Keywords:    DSM, UAV image high resolution, Quadcopter

Introduction

Imaging system based on Ghost 3 Quadcoptor used to generate DSM, it is an accurate representation of next generation of DJI quadcopters. Its features include a compass, flight controller, barometric, gyroscopic, vision positioning system, GPS, and RTH sight, and a return system that returns the quadcopter to the position from where the flight was started [1].  The quadcopter is accountable for a precise flight even in the absence of GPS signals because of vision positioning system. It has 4480mAh intelligent flight battery which provides maximum flight for 23 minutes. The aircraft has a weight of 1280 grams which also include propellers and battery [2]. A representation is shown in Figure 1.

Drone paper fig 1

Figure 1: Physical Structure of Quadcopter

Camera and Gimbal

The phantom 3 is advanced technology paired with a mini-CMOS camera sensor. This sensor accurately records videos up to 1080p and take images up to 12 megapixels.  In order to minimize distortion while camera is capturing views in air, the f/2.8 aperture lens is used with a fixed focal length of 20mm with a field view of 94⁰. The camera has a 6.17 mm × 4.55mm (4032 × 3024 pixels) CCD sensor with image size. The video size 2.7K (2704 x 1524 pixels), but due to small size of pixel, videos are not recommended. The raw photographs are stored in a class 10 compatible Micro SD card with a maximum capacity of 64GB which display telemetry data of a flight and status of aircraft. Certain other variables are automatically recorded in the aircraft’s internal storage [3].

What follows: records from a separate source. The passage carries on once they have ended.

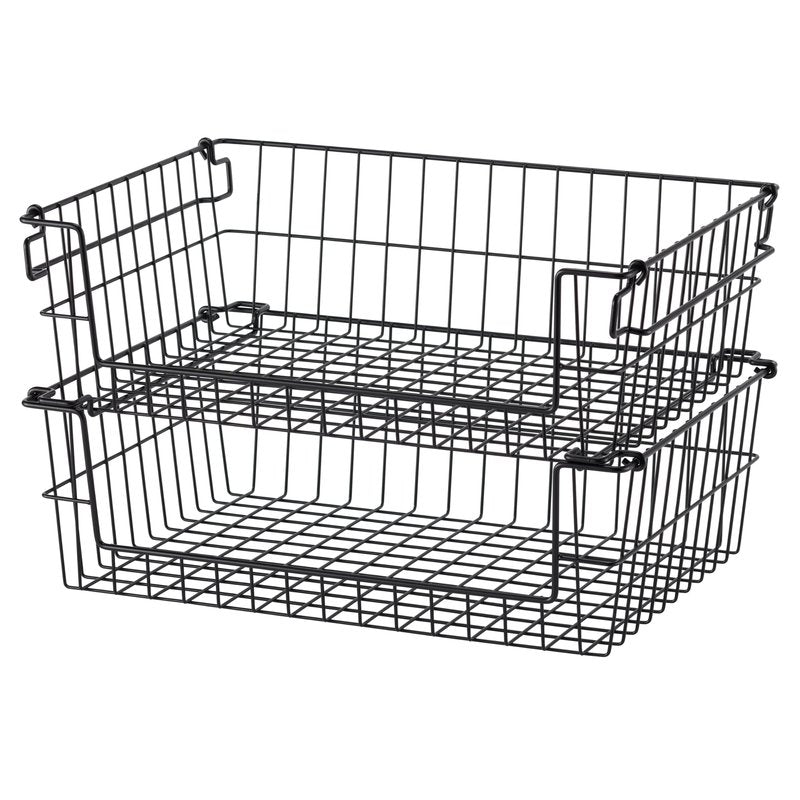 TRINITY 2-Pack Stackable Metal Wire Storage Baskets With Handles, Black, 19 Inches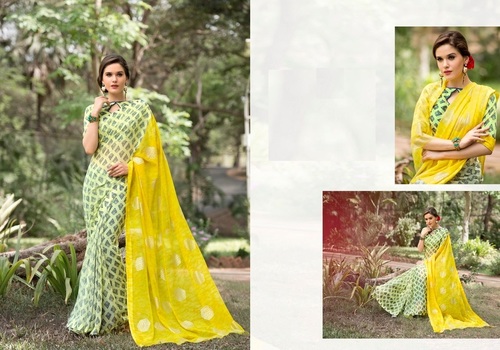 Georgette Yellow Saree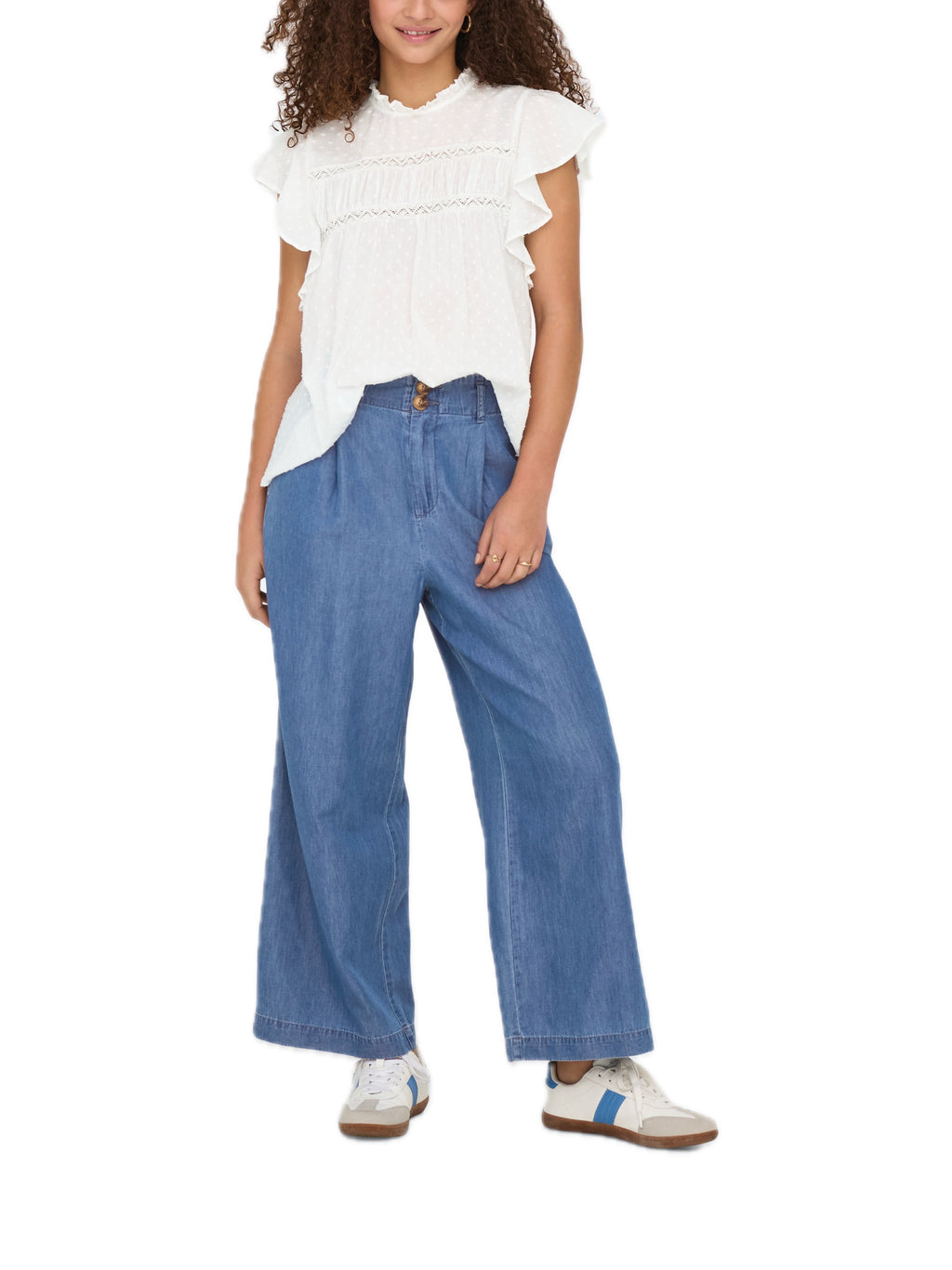 T-shirt Only Bianco Katti volant 15337637 /Cloud Dancer ONLY 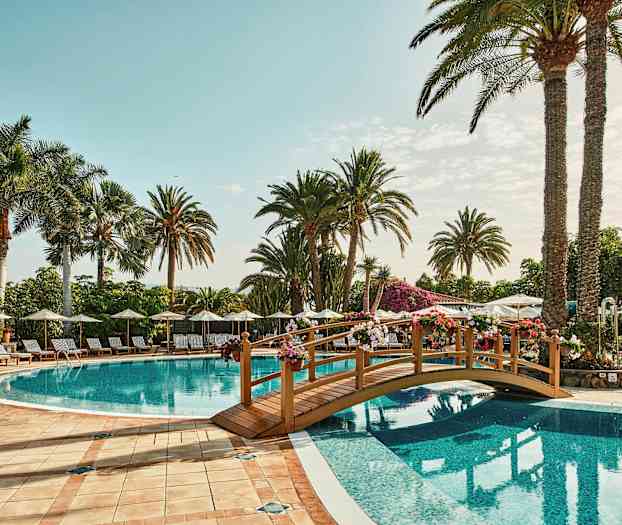 Billede af en udendørs pool med solsenge, parasoller og palmer i baggrunden. En lille dekorativ bro spænder over vandet. (AI-genereret tekst)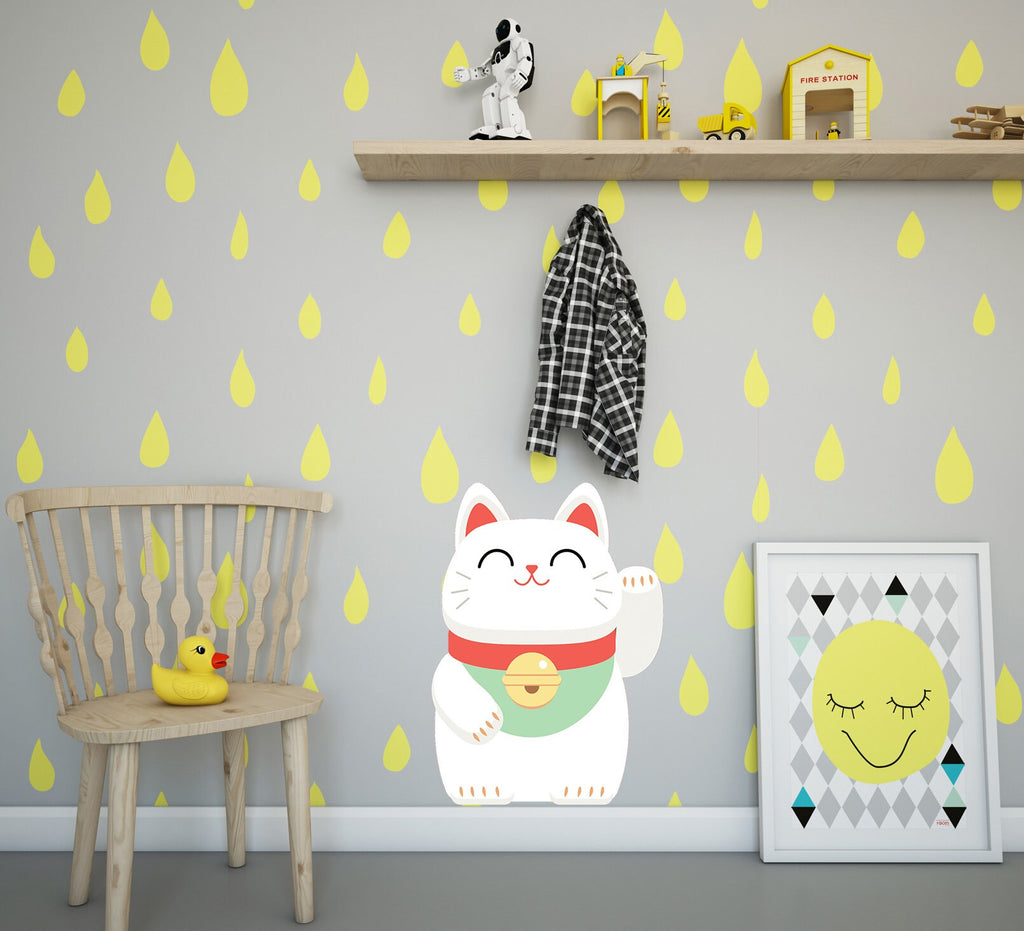 Money Cat Maneki-neko Wall Decal, Money Cat Maneki-neko Wall sticker, Money Cat Maneki-neko wall decor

A stable platform is provided by 3axis stabilizing gimbal system to capture constant and clear photographs and videos for a digital coupled camera [4]. Tilt motion ranging from -90⁰ to +30⁰ of the digital camera is controlled by gimbal system.

DJI Pilot App

DJI is a mobile application especially designed for Phantom 3 Advanced aircraft, [5]. This application controls gimbal, adjust the camera and field, shares photos and videos. This app is recommended for best practice of aircraft.

Flight

The Phantom 3 Advanced quadcopter can take appropriate images in <10m/s wind speed as it is sensitive in severe weather condition. Its flight is supported usually in open regions which are devoid of any crowd, obstacles, tall trees, high voltage electricity lines, and metallic objects and GPS sensors in sunshine hour [7].  This system isn’t always legitimate close to the polar regions [8].

Flight Planning

A number of deliberations are required for mapping and planning of flight. Flight operation is planned either physically or automatically through GPS waypoints. In order to construct a map of a regular flight pattern, the manual controls prove more effective and valuable in self-directed and real time covering missions. Drone mappers usually operate the drone according to their expertise, some operate autonomously and some mappers operate the drone manually. Pilots should have complete knowledge of driving the drone whether physically or automatically. Drone should not move out of line of sight to pilot unless the pilots have particular requirement, enough practice, and authoritarian permission to move apart from line of sight. Drone may show unpredictable behavior due to bad weather conditions, signal interference, GPS hindrance, and other nominal faults. Drone is preferred to fly manually in lower forest canopies and in populated towns. Before beginning, the mission areas should be inspected and fight barriers should be analyzed. Before takeoff, pilot must have the ground survey of the mapped area [9].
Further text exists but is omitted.